Profits interests are an interest only in the future of the company. The IRS describes them as “a partnership interest other than a capital interest.” Rev. Proc 93-27. Not very helpful. In general, a profits interest entitles its holder to a share of partnership allocations going forward, but, at the time it is granted, a profits interest does not entitle its holder to any distributions if the company were to immediately liquidate. A profits interest conveys no right to past accumulated capital. In a sense, it’s a like a stock option, in that it is design to capture and allocate only future growth.
In some cases the distinction between capital and profits interests is significant. Assume an investor injects $100,000 into a venture and takes a capital interest, while a manager offers day-to-day services in exchange for a profits interest. The partners agree to equal allocations of income and loss. In the first year, the company earns $10,000 and at the end of the year, the company liquidates. Each of the partners would receive an allocation of $5,000 of profit. The investor would then receive a liquidating distribution of $105,000—the measure of the investor’s adjusted capital interest—and the manager would receive a distribution of $5,000—equal to the manager’s capital account. If the partners had both taken capital interests, they would each get $55,000 on liquidation. The investor would have a $50,000 loss, and would certainly object to that arrangement. And upon receipt of his capital interest, the manager would likely owe tax on the capital shift of $50,000. By giving the manager an interest only in future growth, and not past-contributed capital, the partners were able to avoid an undeserved loss and an unnecessary taxable event.
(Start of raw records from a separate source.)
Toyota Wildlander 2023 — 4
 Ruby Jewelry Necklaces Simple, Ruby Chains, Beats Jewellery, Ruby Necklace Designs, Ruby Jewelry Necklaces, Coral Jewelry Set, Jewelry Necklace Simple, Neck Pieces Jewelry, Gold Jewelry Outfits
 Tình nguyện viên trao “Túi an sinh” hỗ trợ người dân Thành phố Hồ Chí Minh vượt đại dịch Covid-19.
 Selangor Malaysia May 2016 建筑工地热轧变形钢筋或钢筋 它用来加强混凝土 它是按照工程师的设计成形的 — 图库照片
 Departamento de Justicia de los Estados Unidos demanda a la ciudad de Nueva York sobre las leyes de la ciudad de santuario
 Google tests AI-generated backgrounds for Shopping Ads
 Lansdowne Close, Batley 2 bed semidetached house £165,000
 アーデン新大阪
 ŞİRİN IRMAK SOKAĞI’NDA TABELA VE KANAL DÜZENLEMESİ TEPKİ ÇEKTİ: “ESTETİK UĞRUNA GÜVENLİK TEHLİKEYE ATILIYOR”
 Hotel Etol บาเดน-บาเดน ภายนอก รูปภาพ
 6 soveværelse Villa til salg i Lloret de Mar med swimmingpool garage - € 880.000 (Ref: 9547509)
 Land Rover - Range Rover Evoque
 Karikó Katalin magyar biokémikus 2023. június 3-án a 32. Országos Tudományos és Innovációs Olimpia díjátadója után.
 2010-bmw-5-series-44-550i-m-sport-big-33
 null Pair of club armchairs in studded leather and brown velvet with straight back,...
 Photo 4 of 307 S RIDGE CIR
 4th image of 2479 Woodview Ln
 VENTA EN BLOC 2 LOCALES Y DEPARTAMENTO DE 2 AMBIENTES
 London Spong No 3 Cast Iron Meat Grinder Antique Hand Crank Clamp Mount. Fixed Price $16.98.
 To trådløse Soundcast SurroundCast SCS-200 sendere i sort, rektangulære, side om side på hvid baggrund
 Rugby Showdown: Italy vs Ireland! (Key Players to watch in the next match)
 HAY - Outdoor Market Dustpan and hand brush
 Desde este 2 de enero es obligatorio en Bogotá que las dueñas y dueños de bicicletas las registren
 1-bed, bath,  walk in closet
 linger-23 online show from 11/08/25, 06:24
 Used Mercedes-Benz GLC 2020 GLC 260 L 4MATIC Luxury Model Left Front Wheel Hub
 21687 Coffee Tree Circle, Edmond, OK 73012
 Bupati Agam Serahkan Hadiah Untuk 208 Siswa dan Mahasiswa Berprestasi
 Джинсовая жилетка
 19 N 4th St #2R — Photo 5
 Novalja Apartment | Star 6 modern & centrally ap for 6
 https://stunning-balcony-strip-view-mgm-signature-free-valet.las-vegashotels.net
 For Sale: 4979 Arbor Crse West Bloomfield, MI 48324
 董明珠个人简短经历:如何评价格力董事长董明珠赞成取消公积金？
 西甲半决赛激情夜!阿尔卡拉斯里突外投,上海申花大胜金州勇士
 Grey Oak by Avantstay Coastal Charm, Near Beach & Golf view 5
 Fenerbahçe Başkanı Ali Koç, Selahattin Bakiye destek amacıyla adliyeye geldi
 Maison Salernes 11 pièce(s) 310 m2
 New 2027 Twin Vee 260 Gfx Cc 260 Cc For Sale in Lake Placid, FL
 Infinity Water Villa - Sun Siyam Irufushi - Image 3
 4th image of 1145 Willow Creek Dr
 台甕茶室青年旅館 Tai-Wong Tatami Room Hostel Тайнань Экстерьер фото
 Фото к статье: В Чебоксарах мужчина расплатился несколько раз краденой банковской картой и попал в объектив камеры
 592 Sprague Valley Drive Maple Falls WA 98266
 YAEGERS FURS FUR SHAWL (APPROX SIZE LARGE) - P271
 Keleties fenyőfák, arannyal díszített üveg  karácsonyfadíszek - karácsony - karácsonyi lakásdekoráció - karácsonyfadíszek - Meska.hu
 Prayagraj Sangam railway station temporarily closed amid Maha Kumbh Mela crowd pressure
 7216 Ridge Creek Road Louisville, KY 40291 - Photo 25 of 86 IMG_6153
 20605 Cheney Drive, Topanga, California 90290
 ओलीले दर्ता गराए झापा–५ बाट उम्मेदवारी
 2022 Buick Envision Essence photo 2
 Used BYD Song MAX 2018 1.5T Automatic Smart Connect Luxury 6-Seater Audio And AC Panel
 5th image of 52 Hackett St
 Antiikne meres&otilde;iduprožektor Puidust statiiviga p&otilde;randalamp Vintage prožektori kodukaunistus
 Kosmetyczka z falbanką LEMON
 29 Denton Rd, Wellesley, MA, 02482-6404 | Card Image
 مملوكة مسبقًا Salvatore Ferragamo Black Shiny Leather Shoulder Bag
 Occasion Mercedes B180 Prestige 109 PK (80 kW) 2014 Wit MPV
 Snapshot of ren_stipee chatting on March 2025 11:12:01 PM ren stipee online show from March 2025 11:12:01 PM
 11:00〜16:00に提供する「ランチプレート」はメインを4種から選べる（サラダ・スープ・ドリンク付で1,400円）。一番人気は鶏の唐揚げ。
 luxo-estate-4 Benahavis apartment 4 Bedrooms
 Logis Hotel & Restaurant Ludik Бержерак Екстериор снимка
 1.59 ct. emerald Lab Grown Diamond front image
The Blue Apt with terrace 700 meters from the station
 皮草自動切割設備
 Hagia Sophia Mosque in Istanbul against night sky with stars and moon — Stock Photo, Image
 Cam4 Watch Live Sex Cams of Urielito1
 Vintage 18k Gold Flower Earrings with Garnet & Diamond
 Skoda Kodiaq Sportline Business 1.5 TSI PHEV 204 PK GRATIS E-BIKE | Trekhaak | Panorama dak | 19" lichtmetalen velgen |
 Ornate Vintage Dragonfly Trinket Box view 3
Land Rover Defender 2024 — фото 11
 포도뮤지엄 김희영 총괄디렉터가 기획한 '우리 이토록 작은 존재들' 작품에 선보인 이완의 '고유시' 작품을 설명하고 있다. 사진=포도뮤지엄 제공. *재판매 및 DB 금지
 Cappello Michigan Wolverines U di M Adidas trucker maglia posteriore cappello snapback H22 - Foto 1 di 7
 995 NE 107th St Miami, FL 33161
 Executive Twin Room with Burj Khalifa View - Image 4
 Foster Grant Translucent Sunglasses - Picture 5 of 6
In other cases, the distinction is less meaningful. In many services businesses, for example, capital accounts are drawn down at the end of each year. In that case, a profits interest would typically be identical or nearly identical to a capital interest, because the business would have very little past-accumulated capital to distribute. Each year, the partners, whether they held a capital interest or a newly issued profits interest, would start the year with their capital accounts at or close to zero.
Because profits interests have no built-in value, but reflect only future growth, the IRS has determined that a grant of a profits interest is not ordinarily a taxable event. This makes profits interests a powerful tool for incentivizing managers and others contributing services to a partnership or LLC with accumulated capital or substantial market value.